Last month's devastating floods could mean an uptick in the West Baton Rouge housing market if flood victims look to replant roots on drier land.
Housing experts have said there will be population shifts as folks who lost their homes look to buy new ones in neighborhoods that didn't flood, and West Baton Rouge Parish President Riley "Pee Wee" Berthelot said that could likely put his parish on top of a lot of people's lists.
Last week’s devastating south Louisiana floods, which have forced tens of thousands of peopl…
"It's no guarantee, but I'm thinking we should," Berthelot said. "There's this perception, when you look at maps showing flooding, that we hardly got hit."
Berthelot's executive assistant, Jason Manola, added, "We had some sporadic flooding but nothing like you saw over in other parishes where you could literally paint a brush over entire areas."
Only 40 homes in West Baton Rouge sustained flood damage.
Berthelot suspects things remained relatively drier on the west side of the Mississippi River because of a good drainage system and its geographic location.
"We don't take a lot of water the other parishes do because we're kind of isolated.
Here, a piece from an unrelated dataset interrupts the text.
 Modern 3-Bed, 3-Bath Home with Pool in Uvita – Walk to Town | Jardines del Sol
So water doesn't travel the way it did over in Ascension and Livingston," Berthelot explained. "And any flood water up north from the Pointe Coupee Parish and False River area pretty much dumps into several bayous and big canals, which flushes it out before it hits us."
So, could the parish's lucky outcome in the historic floods entice flood-fatigued victims to migrate into West Baton Rouge? Berthelot seems to think so.
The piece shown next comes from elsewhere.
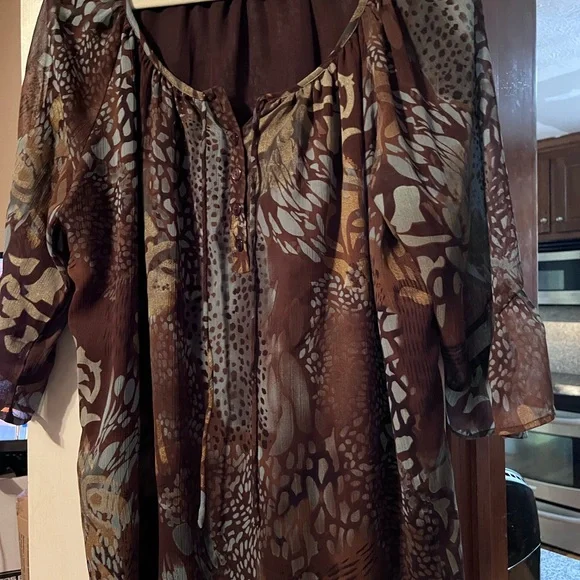 Dress Barn Brown and Taupe Sheer Patterned Peasant Blouse - Picture 3 of 4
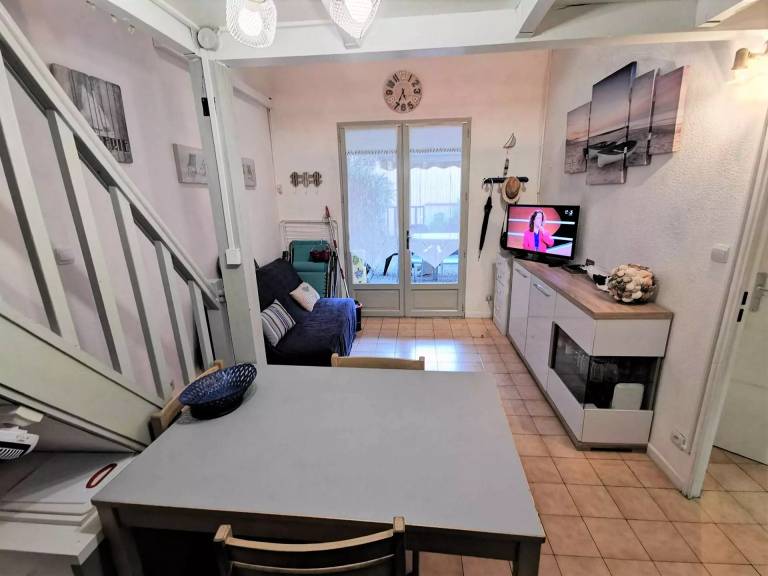 House with 2 rooms for 5 persons — photo 4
Parish officials have projected they'll issue about 200 building permits this year for new housing. It'll be the most they've processed since 2006, when West Baton Rouge saw a housing boom following Hurricane Katrina. That year, the parish issued 220 building permits for residential housing, according to a 10-year analysis.
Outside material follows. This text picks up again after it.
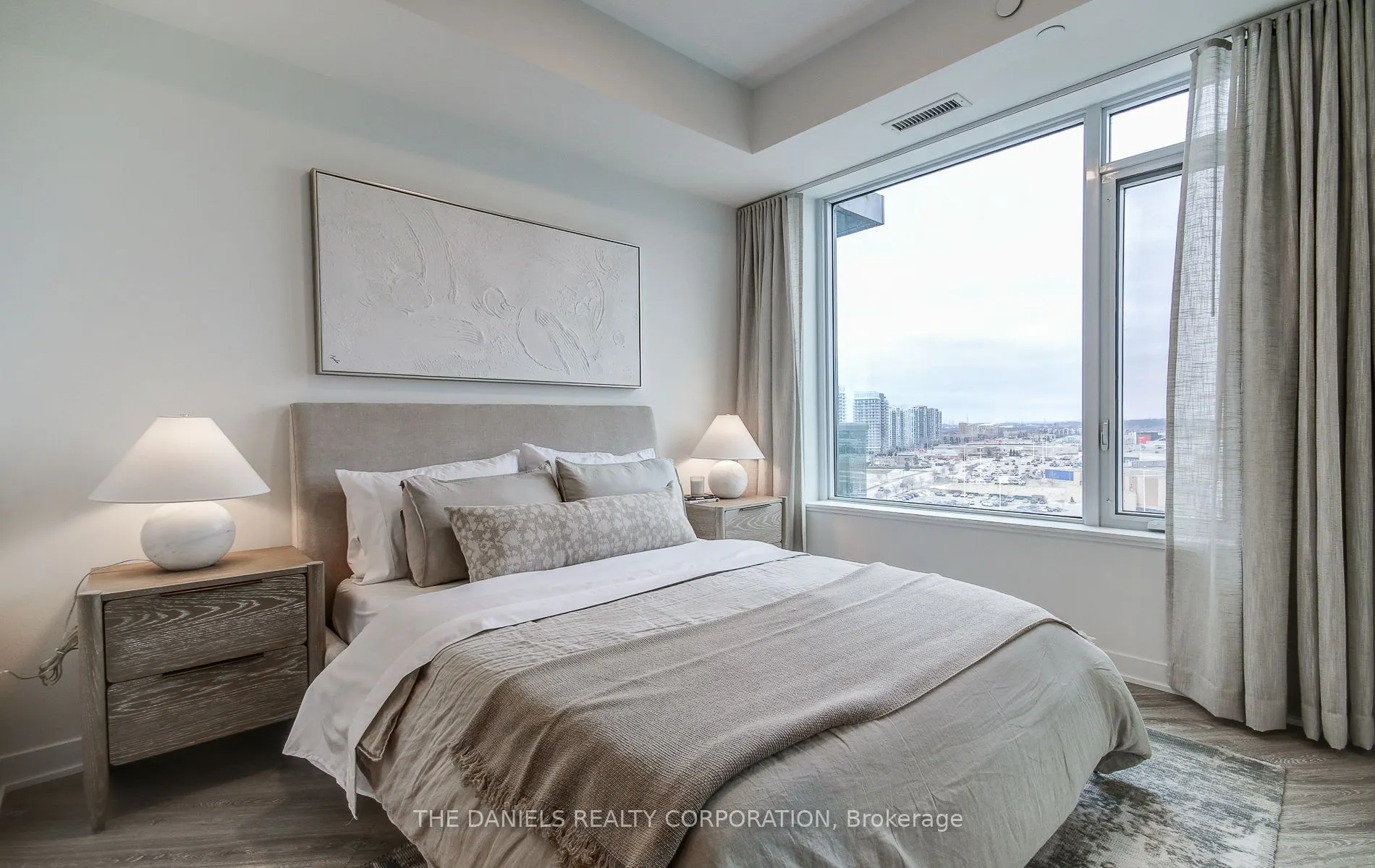 2495 Eglinton Avenue W #1206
On average, the parish issues about 150 permits annually, according to the report.
Manola, who also serves as president of the parish's School Board, said the school system has already welcomed about 75 students from neighboring parishes that were hit harder by the floods.
"These are mostly kids who are living temporarily with folks over here," he said. "In order for them to enroll, they have to show they have some type of temporary residency here in West Baton Rouge."
More rooftops is one thing parish officials have said could lead to the much-needed commercial development West Baton Rouge currently lacks. The parish's economic experts have struggled to attract retail and other high-end commercial entities into the area because not enough people call West Baton Rouge home.
The 2015 Census estimate pegs the parish's population at only 25,490, up from the 2010 Census figure of 23,788.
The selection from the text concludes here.